Wednesday, September 21, 2011

Side Note:

http://www.soros.org/issues/education_youth

The mission statement of the Open Society Foundation:
The Open Society Foundations work to build vibrant and tolerant democracies whose governments are accountable to their citizens. To achieve this mission, the Foundations seek to shape public policies that assure greater fairness in political, legal, and economic systems and safeguard fundamental rights. On a local level, the Open Society Foundations implement a range of initiatives to advance justice, education, public health, and independent media. At the same time, we build alliances across borders and continents on issues such as corruption and freedom of information. The Foundations place a high priority on protecting and improving the lives of people in marginalized communities.


Society Foundation:
They have recently adopted a new initiative focused on revamping the educational paradigms which condition the lives of many minority youths, men in particular, in the United States.
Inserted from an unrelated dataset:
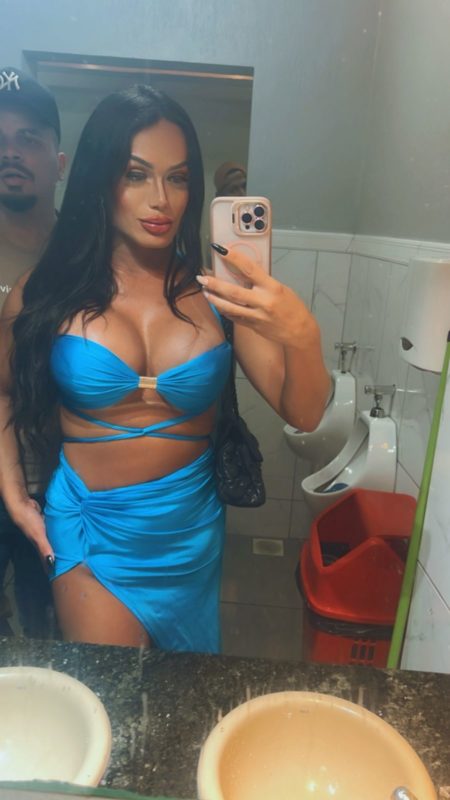 Julia Leal 3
Their attempts to change the trajectory "from schools to prisons." Some of the initiative's guidelines include:
  • promote education equity, and dismantle of the school-to-prison pipeline, to ensure that black boys have the opportunity to excel academically, to prepare for college, and to learn skills essential to earning a living wage;
  • strengthen low-income black families through responsible fatherhood initiatives, policy advocacy, and supporting efforts that lift barriers facing single mothers raising black boys;
    • integrate strategic communications into the campaign's work across its three core areas to promote positive messages about black men and boys;
    • promote leadership development and advocacy/organizing training for young black males, providing them with the tools to become empowered citizens and informed advocates for themselves and their communities;


    Here we can see underlying influence from Jacatot, as well at the community approach of Rogers and Malaguzzi. I found the guideline addressing the projected messages about black men and boys existing across the nation particularly compelling, in that it recognizes the effect these messages have on limiting the minds of its subjects. The public conceptions, however insidious, of jails waiting for young black boys in New York City, the divine plan in store for them, negates the liberating potential of education. It actively denies their ability to emancipate their minds. Promoting positive messages about black men and boys then, does not provoke effects isolated to the way they are perceived by their society, but more importantly, is a conscious step towards deconstructing a self-fulfilling narrative.